The running time of flatxml
The faltxml is a excellent work for parsing XML data. But there is a problem that I encountered during using the fxml_toDataFrame function. This function need a longer time for running multi files with parsing the whole file to a dataframe. such as:
##
elemids <- unique(test$elemid.)
for(i in elemids){
yy <- fxml_toDataFrame(test,siblings.of = i)
if (nrow(yy) >= 1) {
j <- j+1
yy.dat[[j]] <- yy
print(c(i,j))
} else next()
}
For a test data with elemids > 300. The loop above need > 1 min. I work with file > 1000, which take more than 10 hours. Would you please give some advice?
I work out a solution to my problem as using fxml_hasChildren to get essential elemids, which reduced the loop from 300+ to about 30+ (10 times reduced).
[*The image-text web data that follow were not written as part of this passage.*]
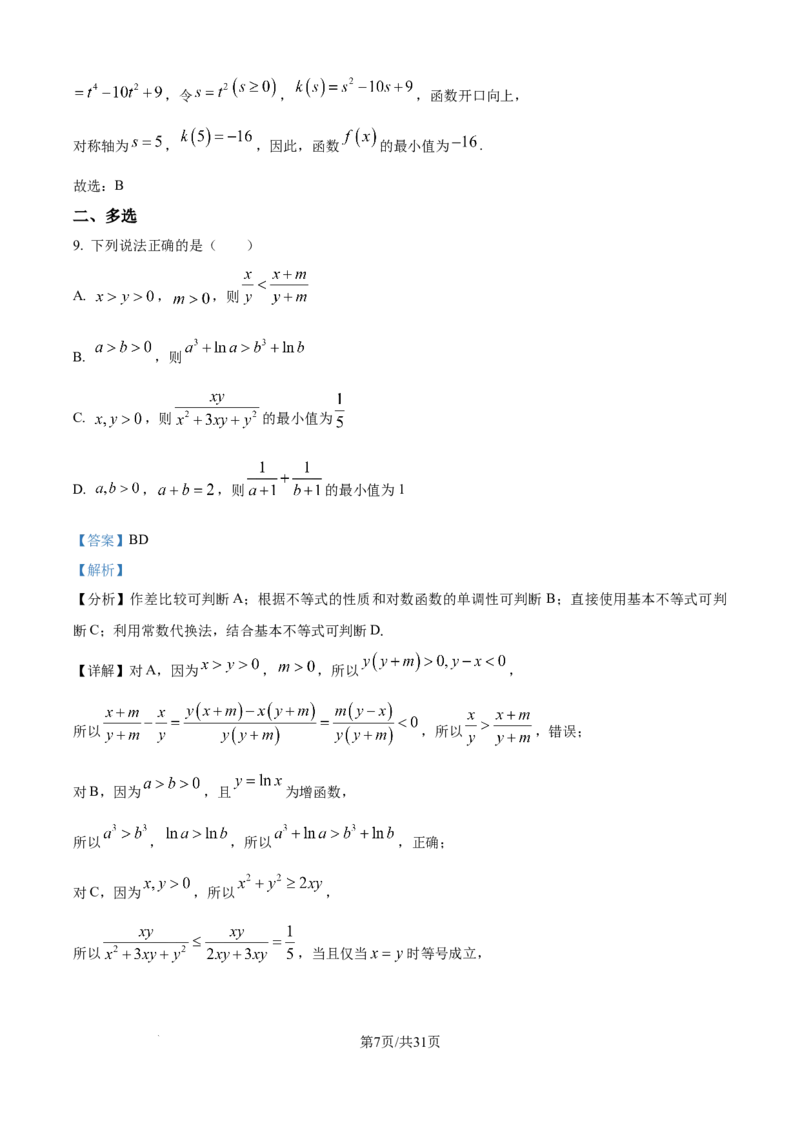 精品解析：江苏省G4联考2026届高三上学期数学试题（解析版）_2025年12月_251229江苏省南京师大附中、海安中学、天一中学、海门中学G4联考2025-2026学年高三上学期12月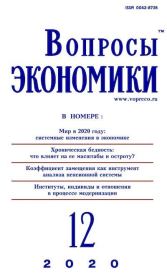 Вопросы экономики 2020 №12.  Журнал «Вопросы экономики»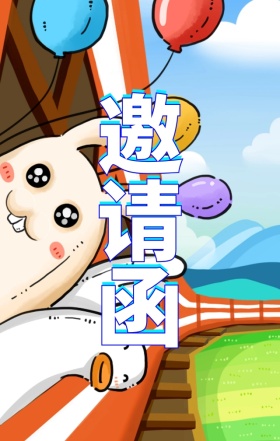 六一儿童机卡通黄色游乐园宣传海报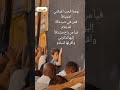 حن قلبي لتلاقي لاتنسوا لايك والاشتراك 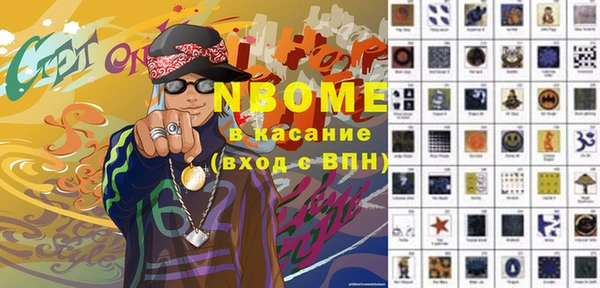 кокаин Балабаново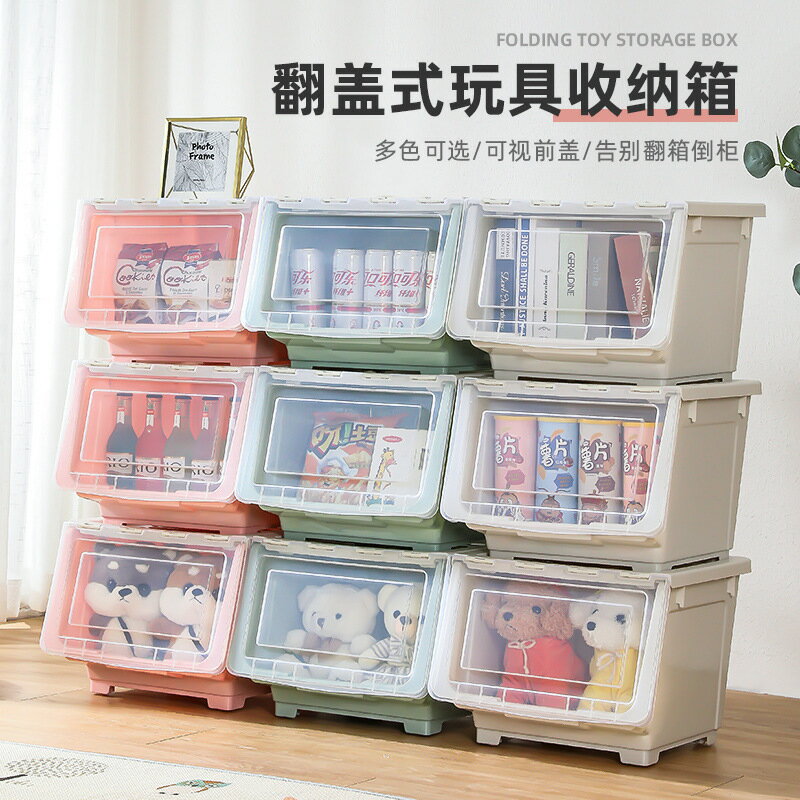 熱銷/免運費 友耐翻蓋玩具收納箱兒童透明前開式收納筐零食玩具防塵收納櫃子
Yes, I was also thinking that the problem may be that when you have two siblings A and B, your loop will find the siblings for both of them (so when i is the elemid of A, then fxml_toDataFrame() will find B as a sibling, and when i is the elemid of B, it will find A which was already processed before). When you have many elements on the same level then you do a lot of "unnecessary work". Therefore, another way to solve this would be to save the elemids of the elements in yy and do not run fxml_toDataFrame() for any of them. So if elemid x is already in any of your yy dataframes then you would never run fxml_toDataFrame(test, siblings = x). This should reduce the number of loops significantly.